Tatum’s secret weapon has always been his sense of humor, especially at his own expense. His gifts as a dancer are made all the more powerful by being funny and charming. No one will ever be able to dismiss him as a piece of meat because he will never play that role for anyone. Perhaps the real Magic is within.

Max is so taken with Mike that she invites him to go to London with her. She’s in process of divorcing her rich husband (marrying rich men is her magic trick), and one of the things she gets custody of is a West End theater property, which specializes in classic British works. Max wants her new protege to adapt the current play into a male strip show, and the idea sounds crazy until they start batting around ideas with the play’s female lead (Caitlin Gerard), who recasts herself as the emcee of the production.

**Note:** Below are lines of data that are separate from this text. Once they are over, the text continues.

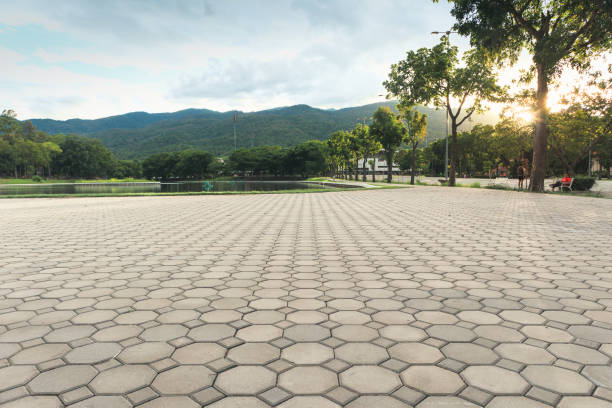 Best Decorative Driveway Pavers  in Whiting, WI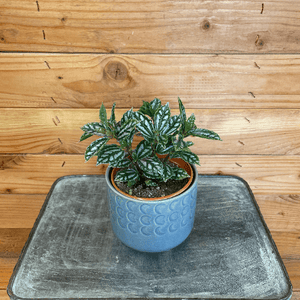 Pilea Cadierei Aluminium 4" Plant, Indoor / Outdoor Houseplants
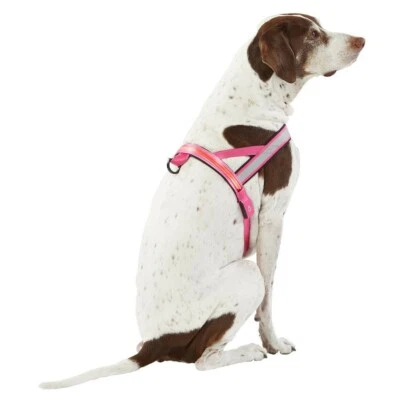 Arnés Top Paw LED Iluminado y Reflectante con Cargador USB Rosa Foto 1 de 2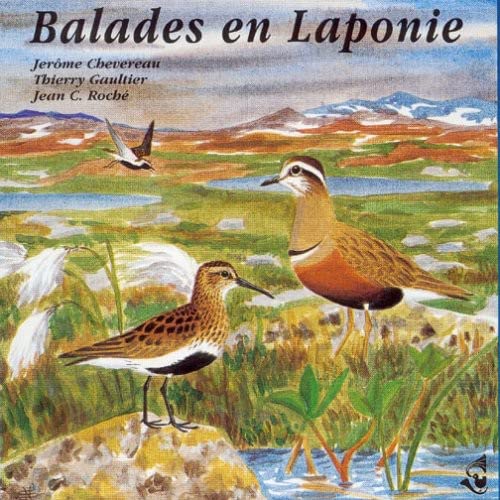 CD cover with painted landscape, birds, and snowy mountains in the background.
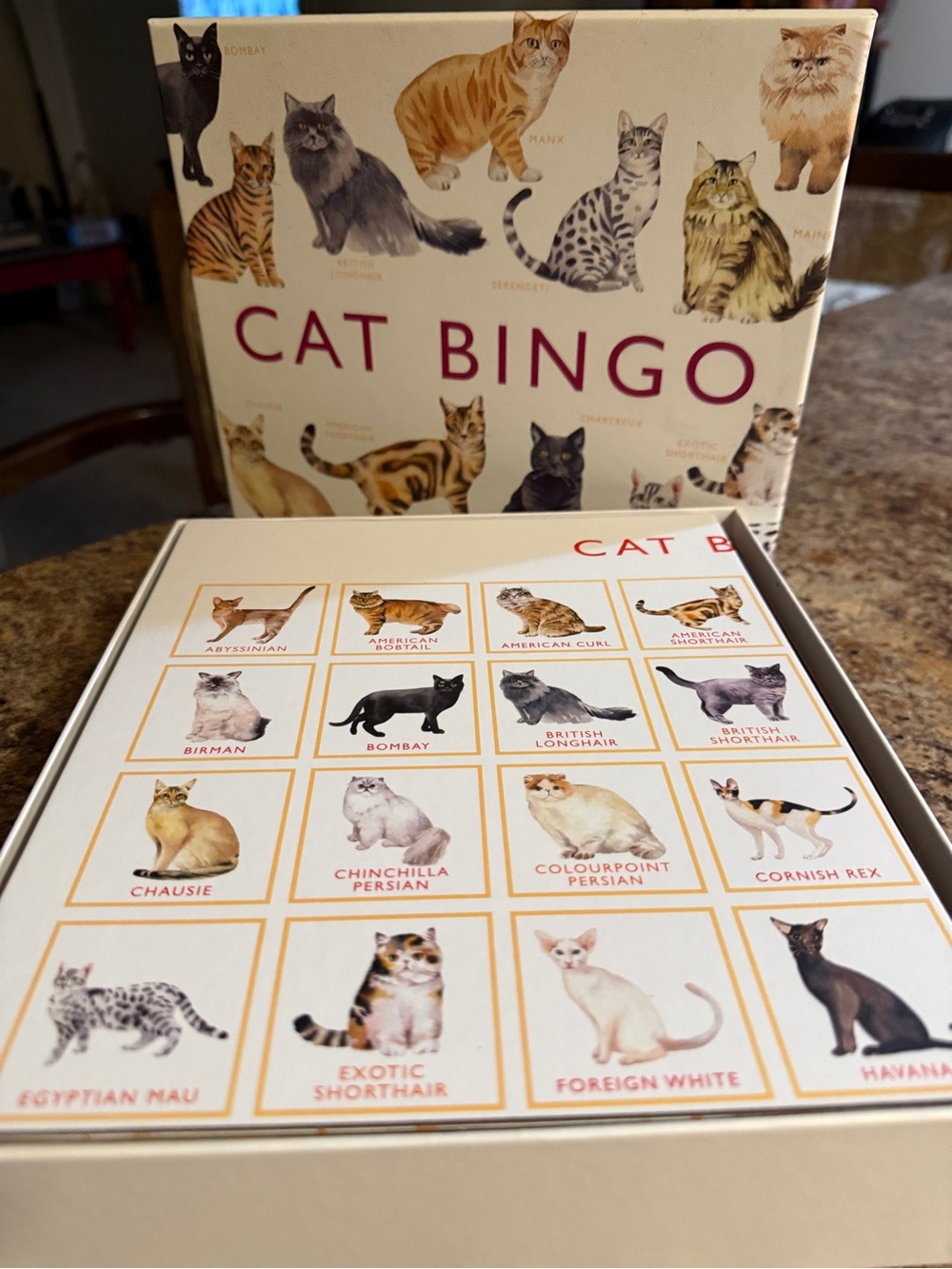 Cat Bingo Game - Picture 3 of 6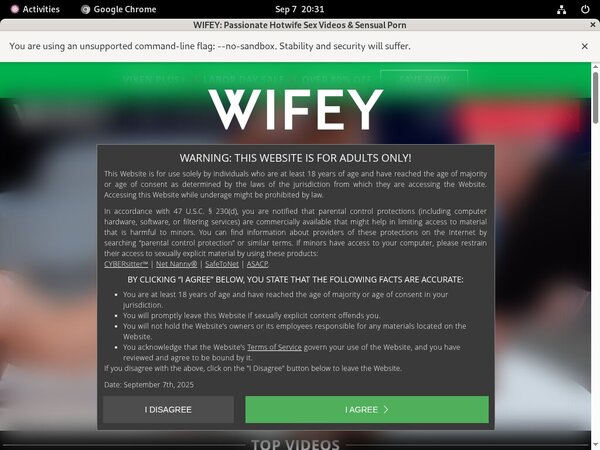 Free Wifey Premium Passwords
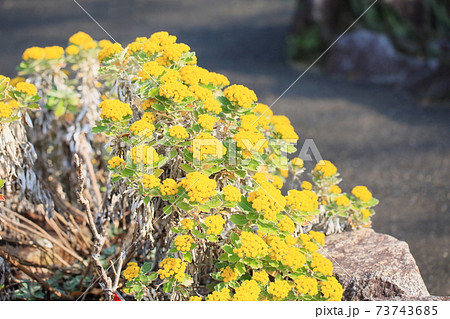 イソギクの花 イソギクの花 73743685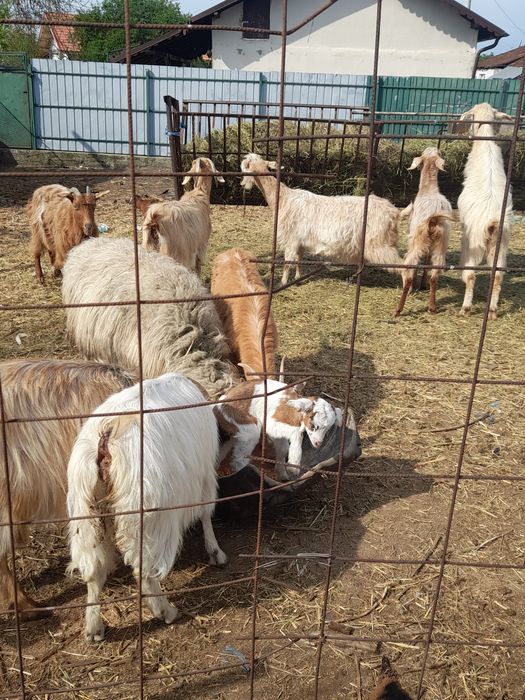 Vând capre bune de tăiat 13 bucati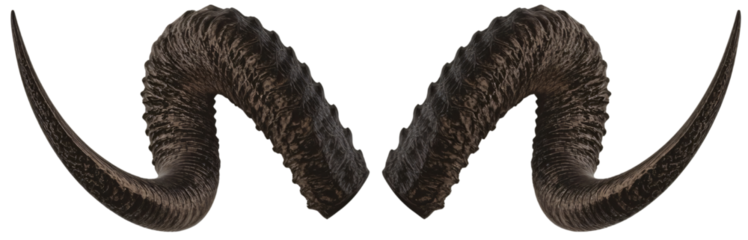 Dark ram horns, isolated, black background, design element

Written by Reid Carolin, Magic Mike’s Last Dance clumsily transitions into a backstage drama about coming up with a revised storyline, casting a new type of dancer (lots of street performers who have to be taught to strip), and putting together a professional, Vegas-style show. Working as his own cinematographer and editor (under his usual pseudonyms, Peter Andrews and Mary Ann Bernard), Soderbergh is clearly enjoying putting Mike through the paces of a world he’s unfamiliar with, complete with all of the backstage politics and uniquely British paperwork needed for any show. It doesn’t make things easier when he realizes that Max may have put him in charge, but if she has an idea, there’s no room for discussion. Max also has a teenage daughter, Zadie (the entertaining Jemelia George), who is stuck in the middle of both her parents’ divorce and any show-related squabbles Mike and her mother have.

It isn’t until the final 30 minutes or so where things really begin to come to the kind of life we expect from a Magic Mike outing. There are riffs on familiar routines from the previous films, there are other numbers that include the audience, but the real showstopper is a surprise appearance by Mike and a ballerina (Kylie Shea), who perform a number in an on-stage rainstorm on black plastic tarps, allowing them to slide great distances across the stage. Honestly, it’s one of the most incredible things I’ve seen in a musical/dance movie in years, and it’s almost worth the price of admission to see it on a big screen, reminding us how vital Tatum’s choreography work was to the first two films and how much it’s missed from this one.

The film feels shallow, lesser than, than its predecessors, and as much as I enjoy what Hayek Pinault is doing here as a vapid, fickle sugar mama, the chemistry between Max and Mike is as distracting as it is fun (she decides to stop sleeping with him once they become business partners, but they slip up sometimes). But when Last Dance works, it does so spectacularly, if inconsistently. It’s easily the lesser of the three films, but I find it difficult not to care immensely about what Tatum is up to, especially when it involves dancing. Take that for what it’s worth.

The film is now playing in theaters.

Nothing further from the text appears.